◆ **What you have to do**
I need an exact copy of the lines from the one containing "this 852×568 image." through the end of the records, without any pictures.

*****

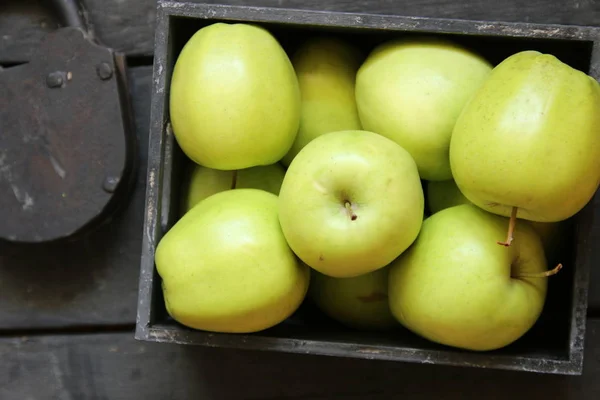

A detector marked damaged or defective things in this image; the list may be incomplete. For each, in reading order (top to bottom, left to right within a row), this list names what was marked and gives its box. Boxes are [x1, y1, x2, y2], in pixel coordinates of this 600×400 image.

rusty metal bracket [0, 0, 136, 244]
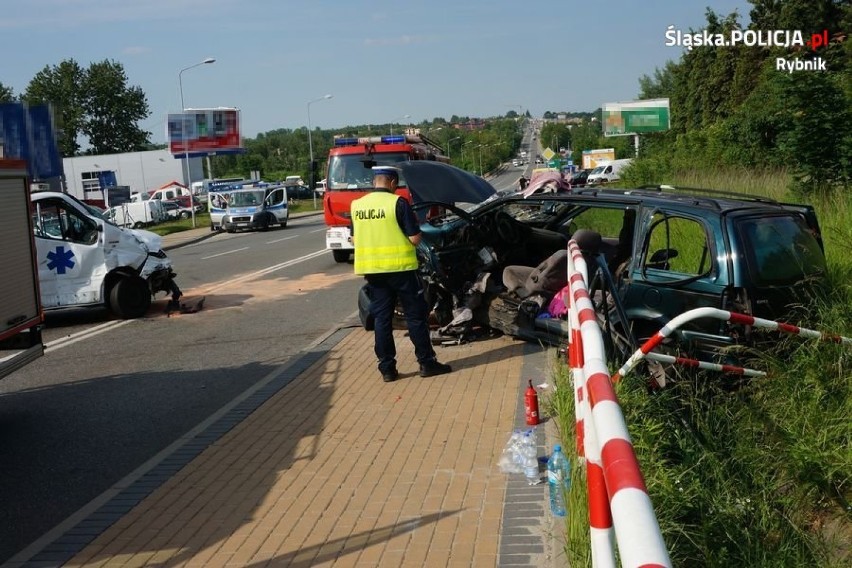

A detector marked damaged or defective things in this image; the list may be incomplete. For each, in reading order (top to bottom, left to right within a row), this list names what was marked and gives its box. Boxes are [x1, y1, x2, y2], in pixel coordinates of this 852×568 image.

crushed car hood [396, 161, 496, 205]
wrecked car [358, 161, 824, 368]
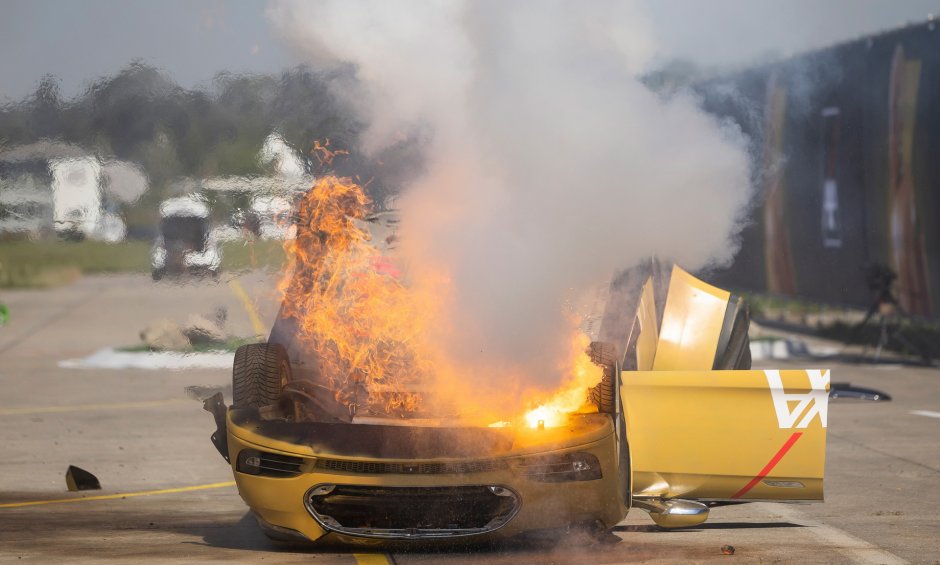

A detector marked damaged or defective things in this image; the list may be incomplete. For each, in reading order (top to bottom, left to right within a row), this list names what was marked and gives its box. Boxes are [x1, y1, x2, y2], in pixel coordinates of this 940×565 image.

overturned yellow car [204, 262, 824, 544]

*****

◆ **Completed task**
A detector marked damaged or defective things in this image; the list may be incomplete. For each, in reading order (top to bottom, left to right within a row), this list names what was marked and gives its box. Boxes are [x1, y1, x2, y2], in pixel coordinates of this 852×568 image.

crushed car hood [396, 161, 496, 205]
wrecked car [358, 161, 824, 368]

A detector marked damaged or defective things in this image; the list may be incomplete. For each, in reading order (top to bottom, left to right within a row), this list names what was marked and gives its box. Boxes are [x1, y1, x2, y2], in pixel coordinates of this 940×565 image.

overturned yellow car [204, 262, 824, 544]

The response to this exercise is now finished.